PROBATION REVIEW & REDUCTION S.B. 15:
SUMMARY OF INTRODUCED BILL
IN COMMITTEE
Senate Bill 15 (as introduced 1-18-17)
Committee: Michigan Competitiveness
CONTENT
The bill would amend Chapter XI (Probation) of the Code of Criminal Procedure to allow the court to reduce a defendant's term of probation by up to 100%, after the defendant had completed half of the original felony probation period, if the reduction were recommended by the probation officer and other conditions were met, subject to various exceptions.

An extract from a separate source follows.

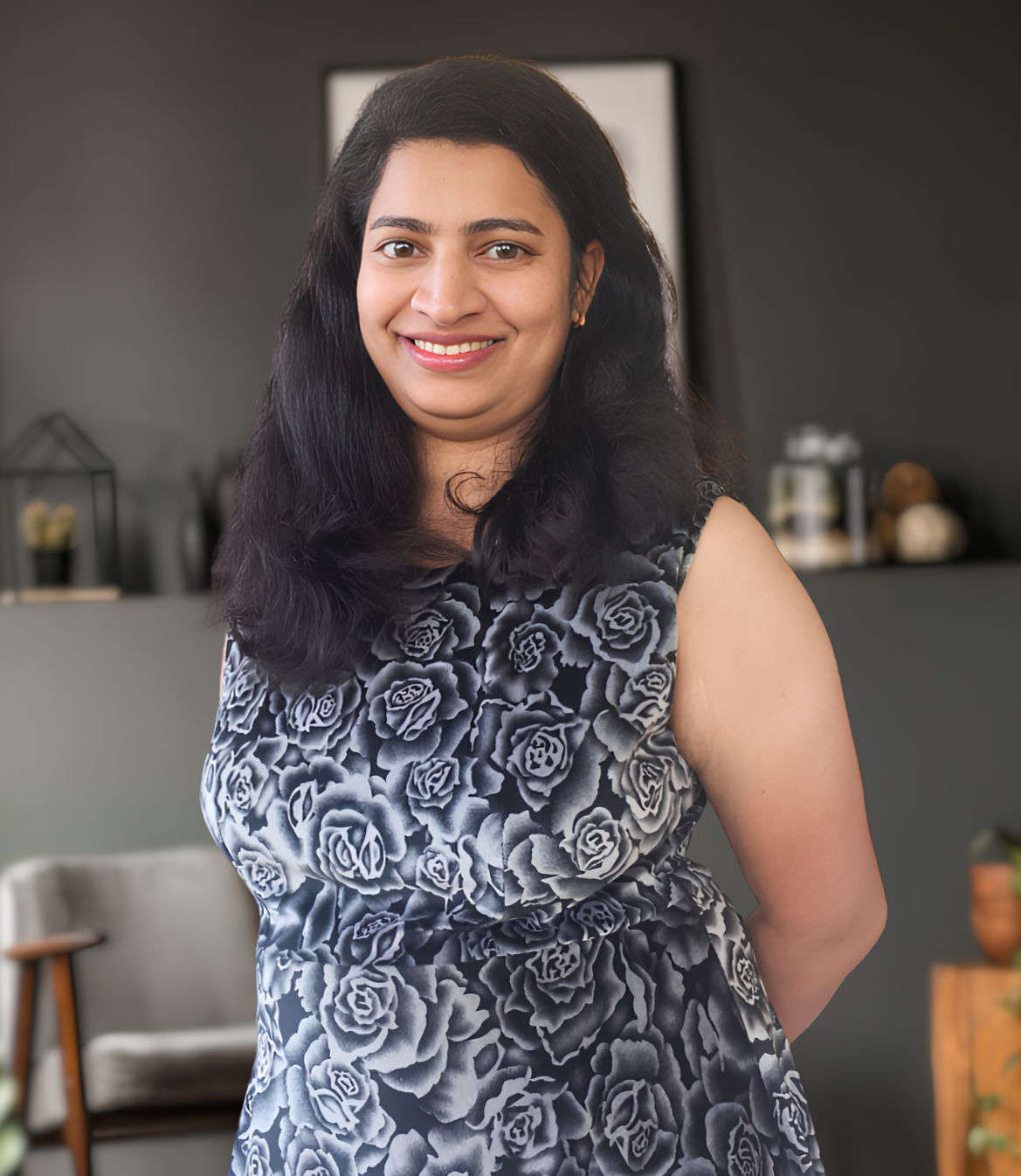 Smiling woman in a floral dress stands against a modern, softly lit background.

Specifically, except as provided in Section 2a of Chapter XI or Section 36 of Chapter VIII (Trials), after a defendant had completed half of the original felony probation period of his or her felony probation, the Department of Corrections would be permitted to notify the sentencing court. If the court, after a hearing to review the case and the defendant's conduct while on probation, determined that the defendant's behavior warranted a reduction in the probationary term, the court could reduce that term by 100% or less, if the reduction were recommended by the probation officer in the case.
(Section 2a of Chapter XI allows a court to impose a probation period of not more than five years for stalking; not less than five years for aggravated stalking; not more than five years for fourth-degree child abuse; and any term of years but not less than five for a "listed offense", as that term is defined in the Sex Offenders Registration Act. Under Section 36 of Chapter VIII, under certain circumstances, a defendant who has been found guilty but mentally ill may be placed on probation for a period of at least five years.)
The victim would have to be notified of the date and time of the hearing, and be given an opportunity to be heard. The court would have to consider the impact on the victim caused by reducing the defendant's probationary term.
At least 28 days before reducing or terminating a period of probation or conducting a review, the court would have to notify the prosecuting attorney and the defendant or, if he or she had an attorney, the defendant's attorney, and the Department would have to notify the victim at his or her last known address.
If the court reduced a defendant's probationary term under the bill, the period of the reduction would have to be reported to the Department.
By December 31 each year after the bill's effective date, the Department would have to report to the Senate and House committees concerning the judiciary or criminal justice the number of defendants referred to the court for a hearing under the bill and the overall reduction of days supervised during the preceding year.
In addition, by December 31 of each year after the bill's effective date, the State Court Administrative Office would have to report to the Senate and House committees concerning the judiciary the number of probationers who were released early from probation under the bill.
Currently, a defendant's probation may not exceed two years if the defendant is convicted for an offense that is not a felony, and the probation period may not exceed five years if the defendant is convicted of a felony, except as provided in Section 2a of Chapter XI. Under the bill, these limits would apply except as provided in that section or Section 36 of Chapter VIII.
The bill would take effect 90 days after its enactment.
MCL 771.2 Legislative Analyst: Suzanne Lowe
FISCAL IMPACT
The bill would have a positive fiscal impact on the State, though the amount is indeterminate, and it would likely have a positive fiscal impact on local government. It is not known how many probationers would have their terms of probation reduced in a given year or by how much. The current cost to the Department of Corrections to supervise a felony probationer is approximately $3,024 per year. The average number of individuals under probation supervision in 2015 was 45,135, although some were for offenses that would be excluded from the provisions of the bill. If every one of those probationers had his or her term of probation reduced by 50%, which would be the maximum allowed by the bill, the number of probationers would be reduced to 22,567, resulting in savings of $68,242,608 per year. This figure represents the absolute high limit for savings, and the actual savings would be less because not all probationers would qualify to have their terms reduced and not all who had their terms reduced would have them reduced by the maximum amount.
While the State handles the supervision of all individuals sentenced to felony probation, local units of government also would likely realize savings from having fewer individuals on probation. These savings could be in the form of reduced resource requirements from law enforcement, courts, and jails related to probation violations. The amount of savings would vary by jurisdiction, depending on how many probationers are currently in the jurisdiction, how many individuals would no longer be on probation because of the bill, and the costs of current probationers.
The additional reporting requirements for the State Court Administrative Office and the Department of Corrections would result in minimal administrative costs that would be absorbed within current appropriations.
This analysis was prepared by nonpartisan Senate staff for use by the Senate in its deliberations and does not constitute an official statement of legislative intent.